Thursday 27 September 2007

Adelaide University Sub-controller Work

The University of Adelaide Team has produced a prototype board based on the STR710. This was necessary to test tooling at the university and basic hardware concepts.



The PCB was manufactured at the University by the technical staff and loaded by a student team member. During testing some minor errors were noted. The PCB was modified and a fully functional circuit was yielded.



As the prototype has been tested successfully, the PC104 Recovery Controller can now be manufactured confidently knowing the basic hardware has been validated.
When the Recovery Controller is completed it will undergo initial testing with a PC, followed by integration to the central Flight Computer (FC).

The Linux based flight computer code is being developed, for use on the Arcom Vulcan XScale board. Integration and testing of a wireless telemetry using 900Mhz spread spectrum transmitters, will be conducted using Aerocomm data modems supplied by Tekdis.
To help speed implementation the team decided to use a PC104 carrier card from embedded arm to interface the Aerocomm modem directly to the Vulcan PC104 data bus.

Friday 14 September 2007

Flinders University IMU update


The Electronics for the payload unit being developed at Flinders University are now 90% built. The inertial sensor and GPS board is shown mounted on top of the PC104 single board computer. This configuration will form the payload module from Flinders University.



The build was mostly successful although a few complications occurred in the process.

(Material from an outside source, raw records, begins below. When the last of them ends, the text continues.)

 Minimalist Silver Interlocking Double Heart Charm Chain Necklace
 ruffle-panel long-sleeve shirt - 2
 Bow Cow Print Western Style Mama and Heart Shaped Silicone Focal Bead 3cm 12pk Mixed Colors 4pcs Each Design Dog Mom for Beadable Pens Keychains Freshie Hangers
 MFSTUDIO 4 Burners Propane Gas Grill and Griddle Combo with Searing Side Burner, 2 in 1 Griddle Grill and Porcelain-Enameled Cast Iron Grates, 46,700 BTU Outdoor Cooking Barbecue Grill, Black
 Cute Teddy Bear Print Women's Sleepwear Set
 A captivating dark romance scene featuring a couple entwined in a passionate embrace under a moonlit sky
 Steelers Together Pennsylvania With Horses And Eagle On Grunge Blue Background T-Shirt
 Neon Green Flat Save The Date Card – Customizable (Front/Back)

The gyros used are ADXRS300 parts which are only available in a 32 ball BGA part which is difficult to mount by hand without the necessary equipment. 2 of 3 were successfully placed on the first attempt using a hot air tool, the third was a failure. Another gyro is being sourced as a replacement.

The board is currently being tested and programmed to interface to the Vulcan single board computer. The single board computer is running an extended kalman filter under the eCos operating system to estimate the rockets position and attitude from the inertial data and GPS.